> **Exercise details**
Print out the data below in full, exactly as written.

> **Data section**
◇ ◇ ◇
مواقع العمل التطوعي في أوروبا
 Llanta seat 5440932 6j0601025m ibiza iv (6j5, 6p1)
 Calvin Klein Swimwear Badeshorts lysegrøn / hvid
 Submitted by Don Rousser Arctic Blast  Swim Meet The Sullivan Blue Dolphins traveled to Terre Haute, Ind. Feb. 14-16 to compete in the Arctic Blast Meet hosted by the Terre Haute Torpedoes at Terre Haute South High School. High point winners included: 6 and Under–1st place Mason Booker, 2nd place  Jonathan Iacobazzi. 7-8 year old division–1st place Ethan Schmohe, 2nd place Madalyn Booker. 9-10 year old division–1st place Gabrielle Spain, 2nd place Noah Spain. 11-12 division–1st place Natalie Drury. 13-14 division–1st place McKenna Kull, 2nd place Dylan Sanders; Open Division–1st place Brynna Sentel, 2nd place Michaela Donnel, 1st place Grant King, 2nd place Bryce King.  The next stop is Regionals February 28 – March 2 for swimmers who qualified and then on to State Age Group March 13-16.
◇ ◇ ◇
> **Expected answer**
مواقع العمل التطوعي في أوروبا
 Llanta seat 5440932 6j0601025m ibiza iv (6j5, 6p1)
 Calvin Klein Swimwear Badeshorts lysegrøn / hvid
 Submitted by Don Rousser Arctic Blast  Swim Meet The Sullivan Blue Dolphins traveled to Terre Haute, Ind. Feb. 14-16 to compete in the Arctic Blast Meet hosted by the Terre Haute Torpedoes at Terre Haute South High School. High point winners included: 6 and Under–1st place Mason Booker, 2nd place  Jonathan Iacobazzi. 7-8 year old division–1st place Ethan Schmohe, 2nd place Madalyn Booker. 9-10 year old division–1st place Gabrielle Spain, 2nd place Noah Spain. 11-12 division–1st place Natalie Drury. 13-14 division–1st place McKenna Kull, 2nd place Dylan Sanders; Open Division–1st place Brynna Sentel, 2nd place Michaela Donnel, 1st place Grant King, 2nd place Bryce King.  The next stop is Regionals February 28 – March 2 for swimmers who qualified and then on to State Age Group March 13-16.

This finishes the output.